According to Ainebyoona, “Cases recorded beyond Mubende include three in Kyegegwa and one in Kassanda but all connected to the index case in Mubende.” He also noted that “there are no verified cases in  Kampala.”

The Uganda Virus Research Institute is analyzing samples from suspected cases, according to health authorities.

The ministry urged locals to follow preventative measures and report any suspected instances to authorities or nearby medical facilities.

New Measles-Rubella Dose for Children Is Introduced by the Health Ministry

As part of the routine immunization schedule, the Ministry of Health (MOH) has added a second dose of the measles-rubella vaccine for children older than one and a half years.

Dr Alfred Driwale, the manager of Uganda’s National Expanded Immunization Program (UNEPI), reassured the public that the global goal is to eradicate measles, and Uganda has chosen to start administering the vaccine in two doses since the current one only gives 85% protection.

A measles-rubella vaccination is administered to a kid at nine months of age, according to the current national schedule. The newly introduced second dosage, which will begin in March, will be given to infants aged one and a half years.

According to the Ministry of Health, all children between the ages of one and four will need to receive a second dose of the measles-rubella vaccine by October 2022; at that point, all children will need to have had doses of the vaccine in order to be deemed completely immunized.

While at the launch conference, countries discussed experiences on the introduction of vaccinations after the first year of life of children but also what Uganda may learn from abroad, which also included other immunization specialists from elsewhere in Africa.

According to Dr Simon Antara, Executive Director of the African Field Epidemiology Network (AFENET), Ghana has been an excellent example of a country that is performing well after one year of heavy coverage of recently launched vaccinations.

He stated that societies must be prepared to absorb new vaccinations when they become available, as immunization programs will evolve in response to the illness load that countries now experience.

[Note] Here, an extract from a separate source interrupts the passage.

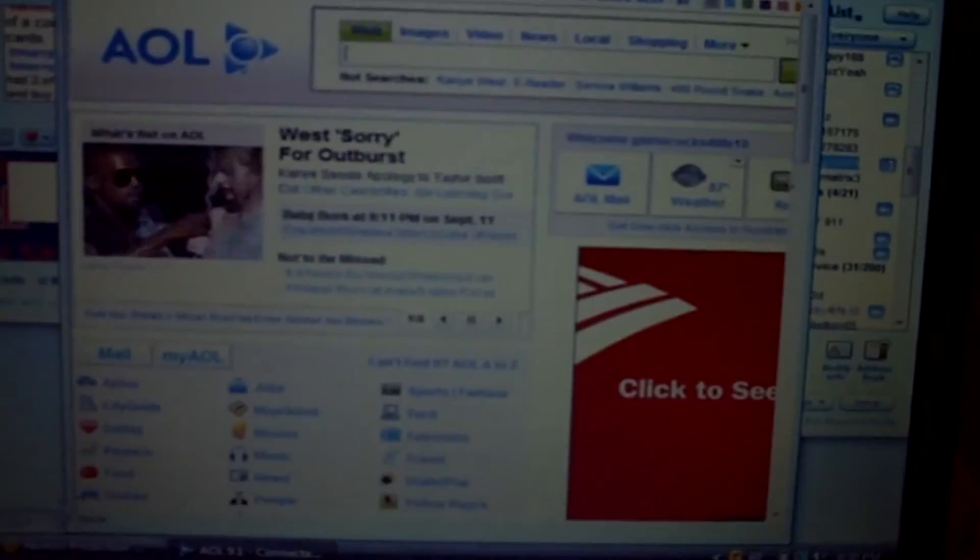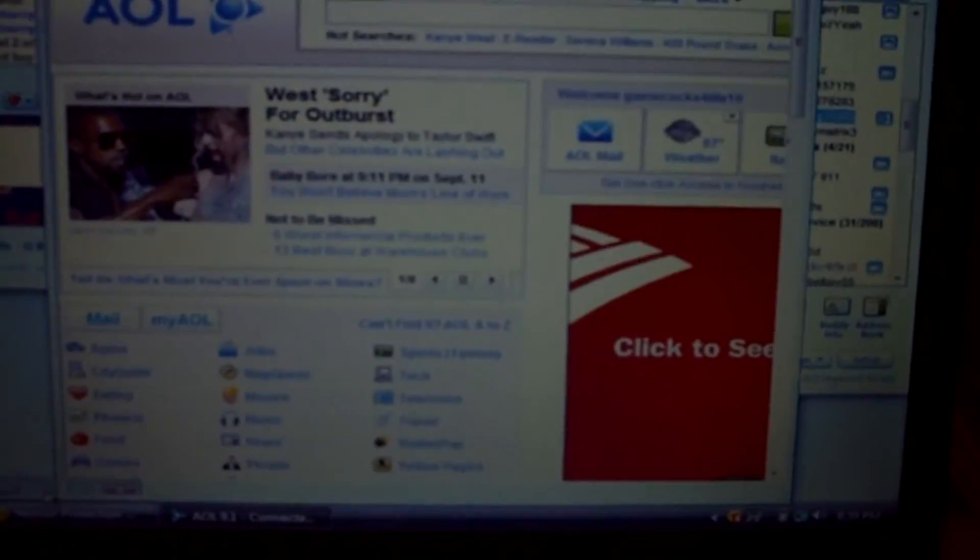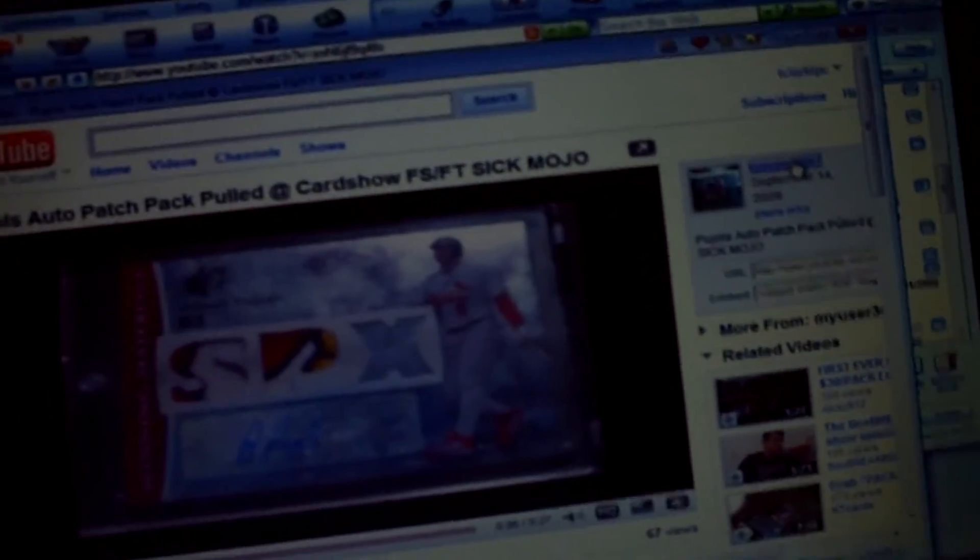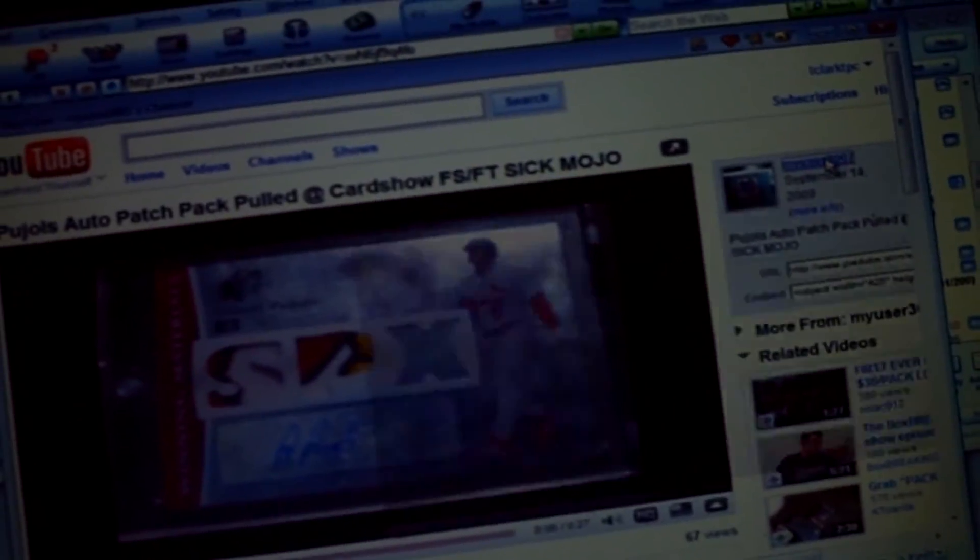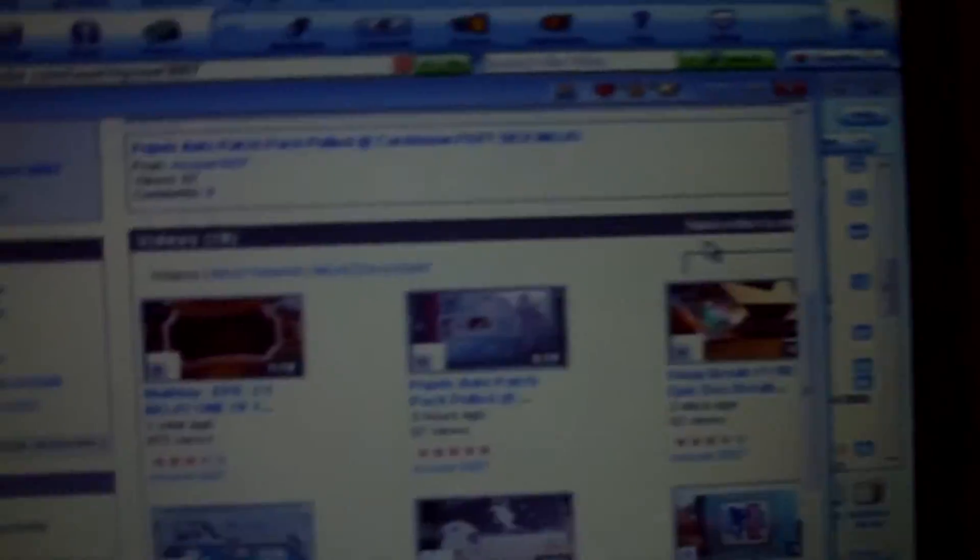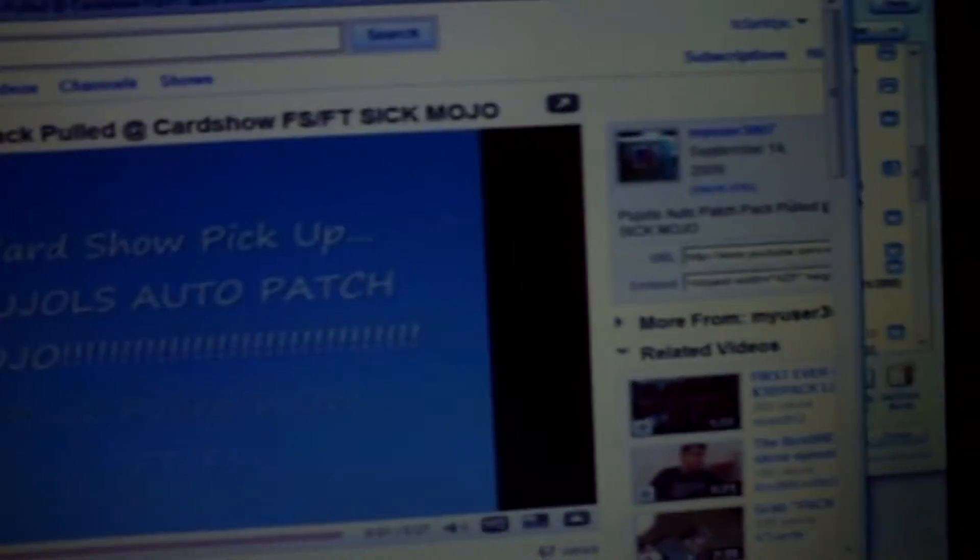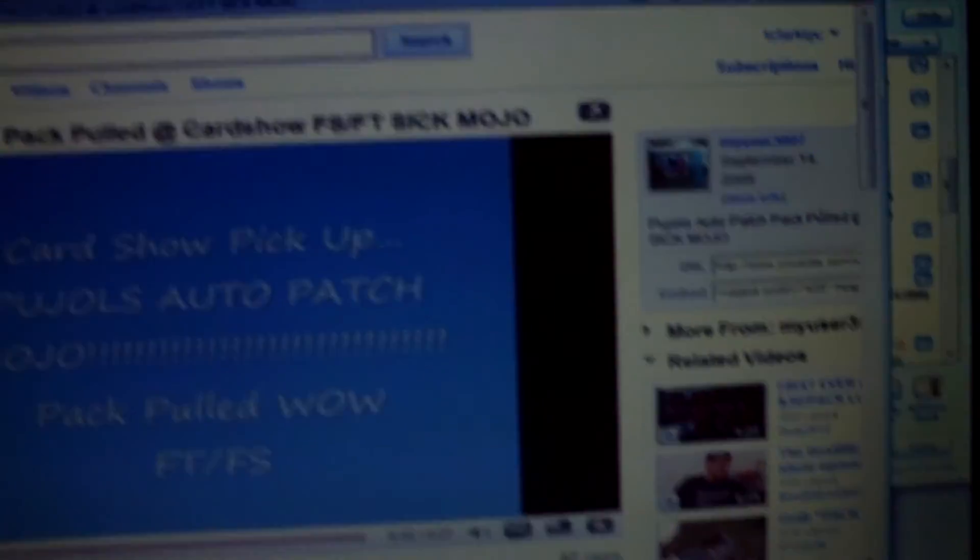Then running across YouTube, wow, myuser2003007, his YouTube channel. He has 350 subs. I'll go back to his card.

Uganda, on the other hand, has plans to provide several new vaccinations for infants above the age of one year, including those against meningitis and yellow fever, initially in endemic regions. Dr Driwale notes that thus far, for children over a year old, they only have HPV for ten-year-old females and Tetanus for teenage girls.

As the COVID-19 pandemic reached its peak, the World Health Organization has been reporting that countries experienced significant disruptions in the uptake of routine vaccines. However, according to Dr Driwale, these disruptions only occurred early on in Uganda’s experience, and the nation quickly developed stability in its healthcare system that allowed it to connect with people with routine services.